### Task instructions
Retype, without pictures, the line holding "Alicia Azula Intendente de Barranqueras" and each line below it through the final line.

### Dataset section
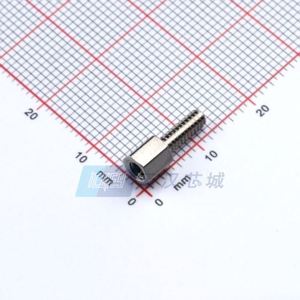 09670019941 D-Sub Connector Electronic Component - Product Image 1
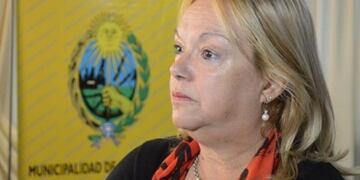 Alicia Azula Intendente de Barranqueras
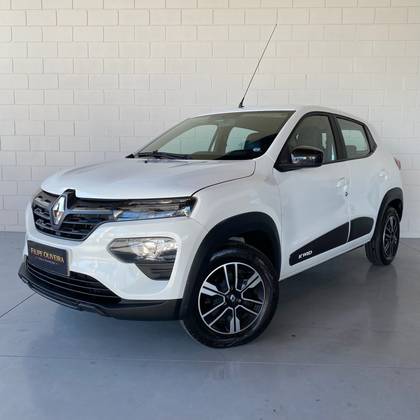 RENAULT KWID 1.0 12V SCE FLEX INTENSE MANUAL RENAULT KWID 1.0 12V SCE FLEX INTENSE MANUAL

### Solution to this task
 Alicia Azula Intendente de Barranqueras
 RENAULT KWID 1.0 12V SCE FLEX INTENSE MANUAL RENAULT KWID 1.0 12V SCE FLEX INTENSE MANUAL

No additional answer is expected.